### WHAT IS EXPECTED
Once the line with "Albany Crescent, Bangor, BT19 6YL - Photo 5" is found in the entries below, repeat that line and every one after it exactly, ending at the last.

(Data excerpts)

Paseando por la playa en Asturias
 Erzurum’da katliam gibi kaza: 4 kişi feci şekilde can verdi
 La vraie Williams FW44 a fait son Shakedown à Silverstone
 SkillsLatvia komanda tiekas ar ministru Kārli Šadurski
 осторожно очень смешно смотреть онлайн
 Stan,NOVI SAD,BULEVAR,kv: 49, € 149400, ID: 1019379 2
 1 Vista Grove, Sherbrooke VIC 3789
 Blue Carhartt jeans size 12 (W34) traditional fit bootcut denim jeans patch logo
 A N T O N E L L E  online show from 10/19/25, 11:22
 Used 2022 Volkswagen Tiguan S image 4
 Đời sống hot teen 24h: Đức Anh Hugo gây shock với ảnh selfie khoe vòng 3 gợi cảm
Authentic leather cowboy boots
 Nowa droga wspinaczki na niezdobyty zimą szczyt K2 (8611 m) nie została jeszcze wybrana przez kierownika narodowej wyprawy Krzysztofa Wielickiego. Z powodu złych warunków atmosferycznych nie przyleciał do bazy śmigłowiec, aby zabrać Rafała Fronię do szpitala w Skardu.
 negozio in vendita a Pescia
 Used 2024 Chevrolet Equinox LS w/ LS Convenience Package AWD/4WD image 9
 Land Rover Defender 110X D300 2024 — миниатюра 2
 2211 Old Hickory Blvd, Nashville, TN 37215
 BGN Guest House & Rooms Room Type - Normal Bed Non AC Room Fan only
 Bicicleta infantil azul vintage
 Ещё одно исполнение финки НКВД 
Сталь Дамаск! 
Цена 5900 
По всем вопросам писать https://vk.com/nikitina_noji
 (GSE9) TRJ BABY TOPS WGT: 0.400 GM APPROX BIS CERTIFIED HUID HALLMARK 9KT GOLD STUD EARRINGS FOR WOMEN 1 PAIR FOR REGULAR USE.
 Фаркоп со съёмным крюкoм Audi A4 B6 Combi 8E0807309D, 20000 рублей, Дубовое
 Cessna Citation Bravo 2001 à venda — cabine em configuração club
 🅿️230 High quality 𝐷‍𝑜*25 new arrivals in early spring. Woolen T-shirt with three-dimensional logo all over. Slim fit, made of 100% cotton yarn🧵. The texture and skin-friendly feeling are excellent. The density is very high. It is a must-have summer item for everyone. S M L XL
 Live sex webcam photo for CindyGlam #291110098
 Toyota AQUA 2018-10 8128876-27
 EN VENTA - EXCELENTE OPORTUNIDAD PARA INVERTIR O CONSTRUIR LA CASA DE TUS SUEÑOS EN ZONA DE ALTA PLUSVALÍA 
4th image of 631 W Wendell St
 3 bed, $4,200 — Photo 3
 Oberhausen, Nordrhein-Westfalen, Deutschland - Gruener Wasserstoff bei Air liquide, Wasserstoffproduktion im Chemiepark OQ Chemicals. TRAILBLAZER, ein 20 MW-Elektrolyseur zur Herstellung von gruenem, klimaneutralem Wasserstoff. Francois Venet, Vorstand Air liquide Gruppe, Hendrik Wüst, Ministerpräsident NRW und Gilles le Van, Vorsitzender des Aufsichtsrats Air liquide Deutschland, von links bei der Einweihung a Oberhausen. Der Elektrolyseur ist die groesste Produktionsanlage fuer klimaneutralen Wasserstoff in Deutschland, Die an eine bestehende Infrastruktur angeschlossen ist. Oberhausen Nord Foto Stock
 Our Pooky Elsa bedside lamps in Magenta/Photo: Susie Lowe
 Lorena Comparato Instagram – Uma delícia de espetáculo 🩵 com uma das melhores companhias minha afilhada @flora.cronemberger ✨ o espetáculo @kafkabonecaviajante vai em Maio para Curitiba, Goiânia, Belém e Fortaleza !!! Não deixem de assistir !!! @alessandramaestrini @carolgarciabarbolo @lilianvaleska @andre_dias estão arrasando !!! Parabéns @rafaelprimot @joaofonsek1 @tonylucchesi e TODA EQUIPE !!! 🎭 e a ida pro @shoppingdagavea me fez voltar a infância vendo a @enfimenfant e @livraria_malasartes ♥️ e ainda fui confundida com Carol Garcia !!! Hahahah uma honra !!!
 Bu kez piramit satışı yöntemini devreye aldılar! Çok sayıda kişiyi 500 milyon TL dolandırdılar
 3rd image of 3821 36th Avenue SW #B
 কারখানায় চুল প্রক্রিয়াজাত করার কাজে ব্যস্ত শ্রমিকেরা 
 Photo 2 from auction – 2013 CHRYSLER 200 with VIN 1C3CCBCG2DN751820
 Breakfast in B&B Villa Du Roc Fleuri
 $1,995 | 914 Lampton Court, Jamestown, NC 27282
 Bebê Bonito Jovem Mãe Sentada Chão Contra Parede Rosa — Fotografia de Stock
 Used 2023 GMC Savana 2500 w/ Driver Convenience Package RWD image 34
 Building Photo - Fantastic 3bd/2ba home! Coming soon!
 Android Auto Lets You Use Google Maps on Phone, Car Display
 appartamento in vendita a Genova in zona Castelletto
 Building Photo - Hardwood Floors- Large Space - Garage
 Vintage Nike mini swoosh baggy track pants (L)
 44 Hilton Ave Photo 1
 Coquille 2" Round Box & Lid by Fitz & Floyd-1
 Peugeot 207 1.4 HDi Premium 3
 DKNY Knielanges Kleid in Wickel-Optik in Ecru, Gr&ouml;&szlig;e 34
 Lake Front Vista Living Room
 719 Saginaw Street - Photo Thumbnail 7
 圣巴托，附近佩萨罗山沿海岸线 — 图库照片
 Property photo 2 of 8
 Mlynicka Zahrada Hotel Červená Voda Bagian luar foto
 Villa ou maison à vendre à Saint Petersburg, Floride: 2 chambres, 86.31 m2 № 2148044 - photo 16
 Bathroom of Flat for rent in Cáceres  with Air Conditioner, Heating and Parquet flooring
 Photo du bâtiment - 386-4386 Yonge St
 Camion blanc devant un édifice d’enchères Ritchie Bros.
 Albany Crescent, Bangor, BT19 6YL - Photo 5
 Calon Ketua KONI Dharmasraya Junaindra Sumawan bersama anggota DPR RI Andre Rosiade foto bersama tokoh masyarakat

### YOUR SOLUTION
 Albany Crescent, Bangor, BT19 6YL - Photo 5
 Calon Ketua KONI Dharmasraya Junaindra Sumawan bersama anggota DPR RI Andre Rosiade foto bersama tokoh masyarakat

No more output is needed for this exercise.